### [Problem requirements]
Your answer must be the full listing, repeated word for word.
--- START ---
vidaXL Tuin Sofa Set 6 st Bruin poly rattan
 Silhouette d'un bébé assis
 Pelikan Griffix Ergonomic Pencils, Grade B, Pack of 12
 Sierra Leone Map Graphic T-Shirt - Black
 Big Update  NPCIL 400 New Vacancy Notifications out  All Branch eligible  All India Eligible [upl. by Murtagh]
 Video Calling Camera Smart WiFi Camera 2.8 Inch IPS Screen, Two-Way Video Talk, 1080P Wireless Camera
--- END ---
### [Solution to this exercise]
vidaXL Tuin Sofa Set 6 st Bruin poly rattan
 Silhouette d'un bébé assis
 Pelikan Griffix Ergonomic Pencils, Grade B, Pack of 12
 Sierra Leone Map Graphic T-Shirt - Black
 Big Update  NPCIL 400 New Vacancy Notifications out  All Branch eligible  All India Eligible [upl. by Murtagh]
 Video Calling Camera Smart WiFi Camera 2.8 Inch IPS Screen, Two-Way Video Talk, 1080P Wireless Camera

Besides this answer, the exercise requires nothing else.